### Exercise aim
Your copy should hold only the lines from the one holding "Salles de bain" through the last line of the records below, both included, each exact and with no pictures.

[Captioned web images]
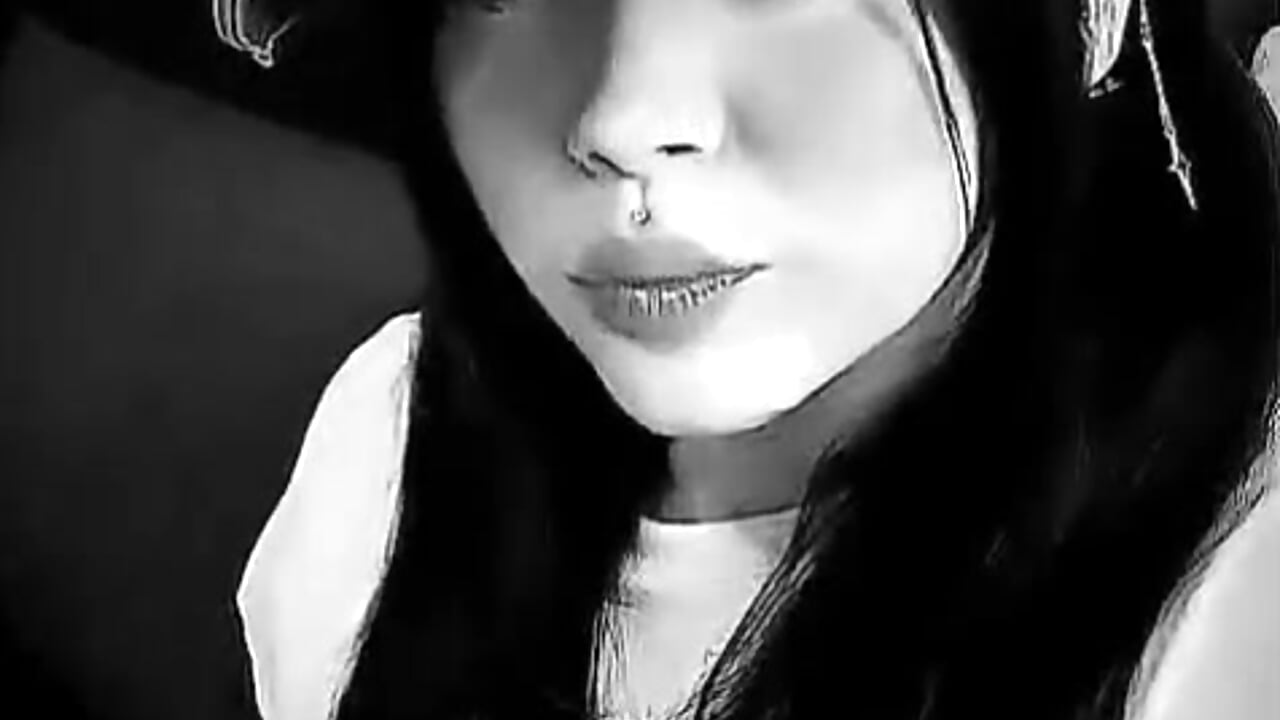 >●< >●< - video van sara_winehouse1 cam-model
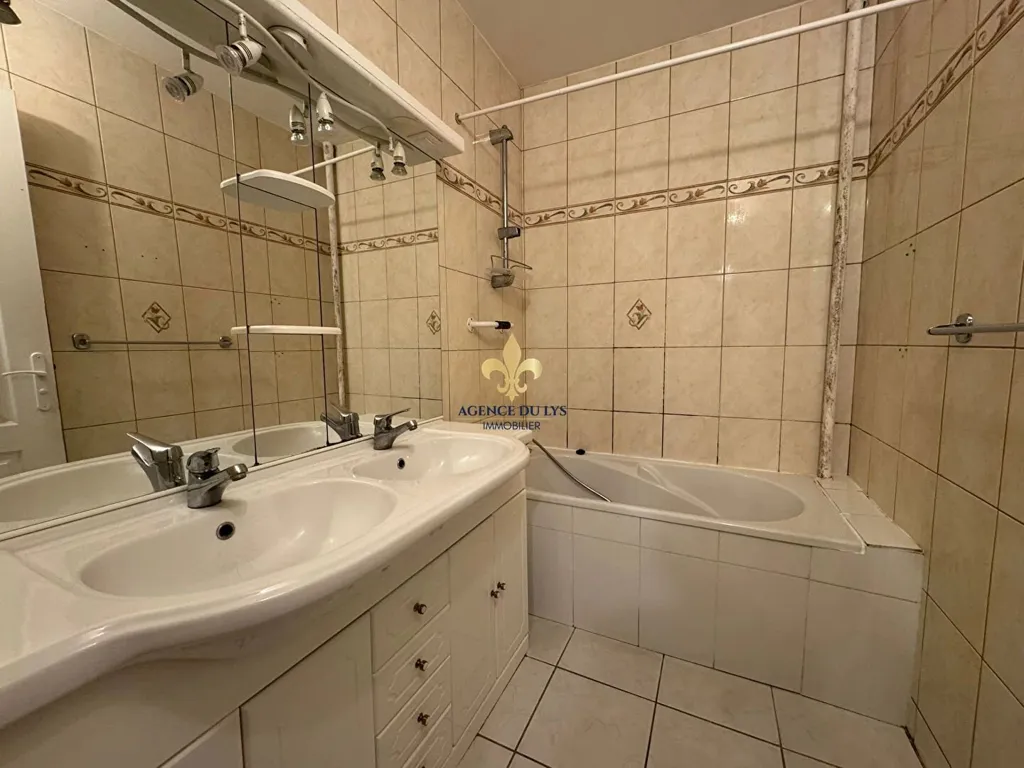 Salles de bain - Appartement 3 Pièces avec Balcon à Chantilly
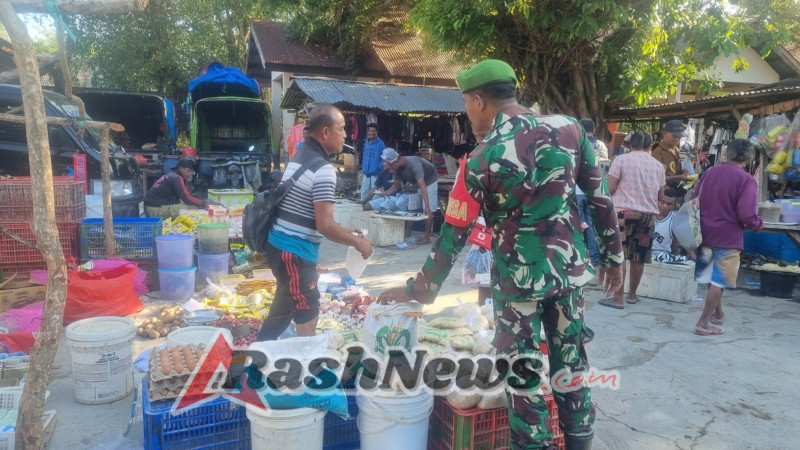 Babinsa Koramil 1627-01/Ba’a Himbau Warga Tak Bakar Sampah Sembarangan saat Cuaca Berangin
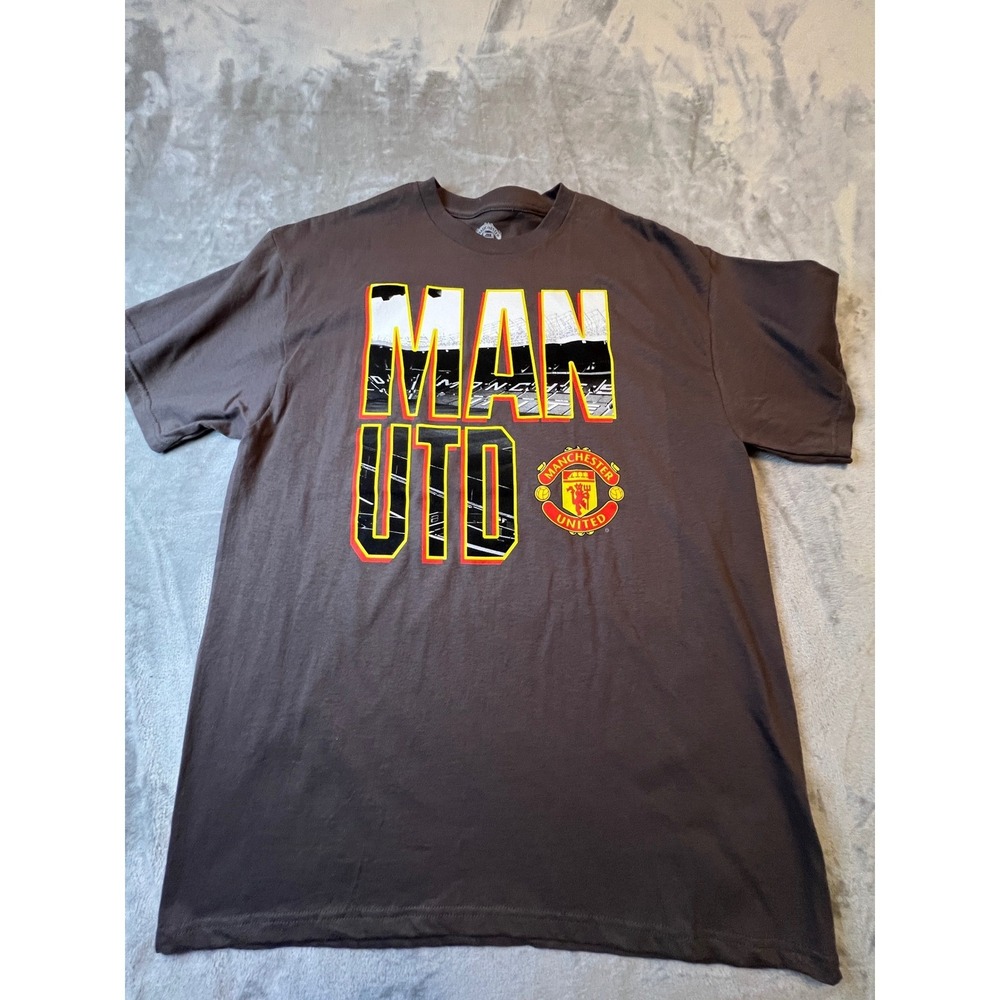 Manchester United Official Merchandise T-Shirt Mens XL Gray Man Utd Graphic Tee‎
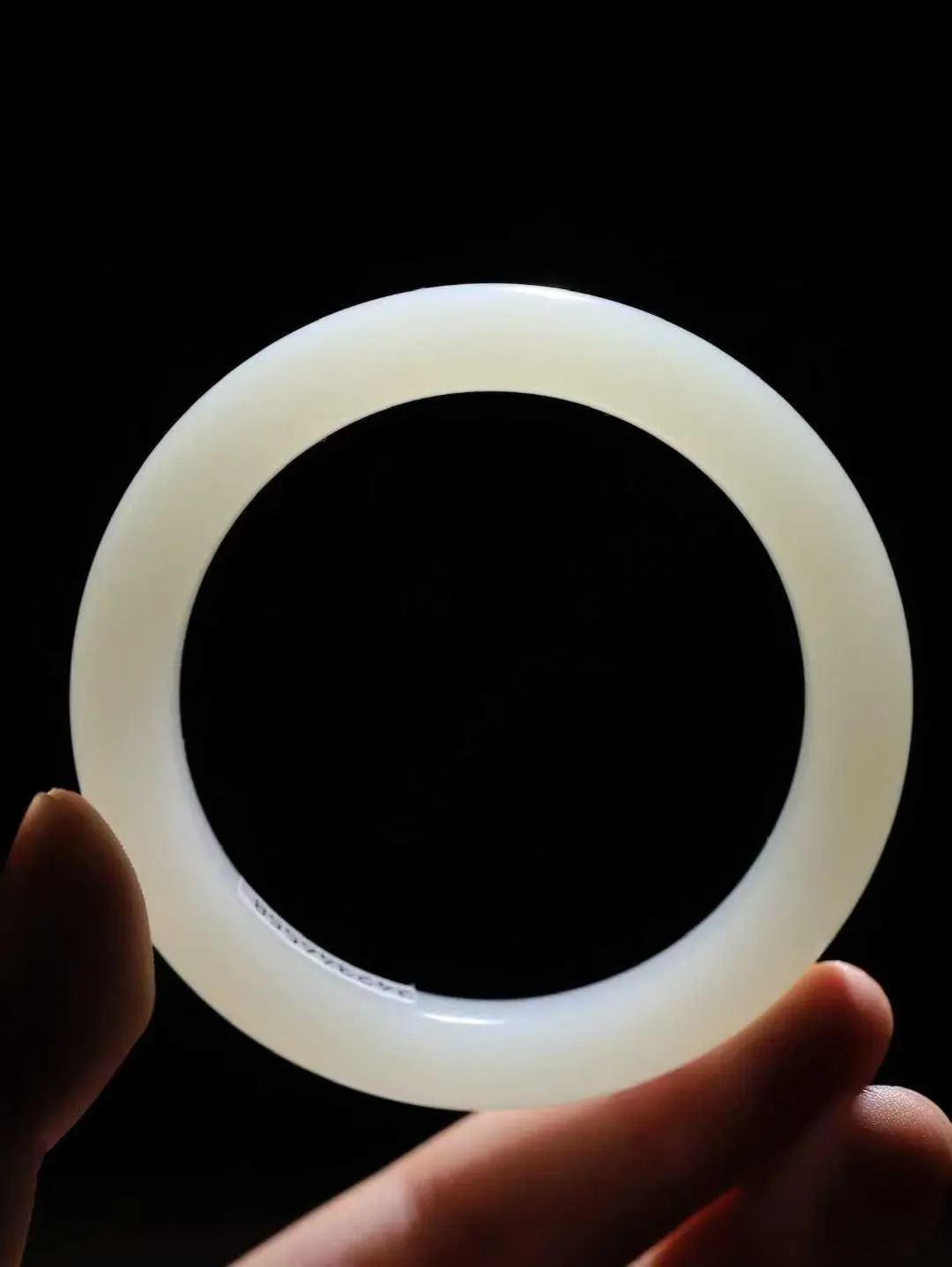 【腕间柔情.手镯】   

精品️和田玉冰白玉手镯 玉质温润细腻 油性十足 古朴秀雅 轻抚岁月的栏杆软香温玉，腕间玉镯轻轻晃动，令人情动心间，撷一缕月末的芬芳，把心思铺陈，时光静美，惟有你最温柔。重55克   尺寸55.5-11.4-9.6mm  461203055A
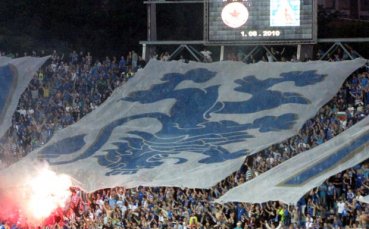 СНИМКИ: Сините обърнаха лъва в хореографията, хора не достигнаха на червените за тяхната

### Result
 Salles de bain - Appartement 3 Pièces avec Balcon à Chantilly
 Babinsa Koramil 1627-01/Ba’a Himbau Warga Tak Bakar Sampah Sembarangan saat Cuaca Berangin
 Manchester United Official Merchandise T-Shirt Mens XL Gray Man Utd Graphic Tee‎
 【腕间柔情.手镯】   

精品️和田玉冰白玉手镯 玉质温润细腻 油性十足 古朴秀雅 轻抚岁月的栏杆软香温玉，腕间玉镯轻轻晃动，令人情动心间，撷一缕月末的芬芳，把心思铺陈，时光静美，惟有你最温柔。重55克   尺寸55.5-11.4-9.6mm  461203055A
 СНИМКИ: Сините обърнаха лъва в хореографията, хора не достигнаха на червените за тяхната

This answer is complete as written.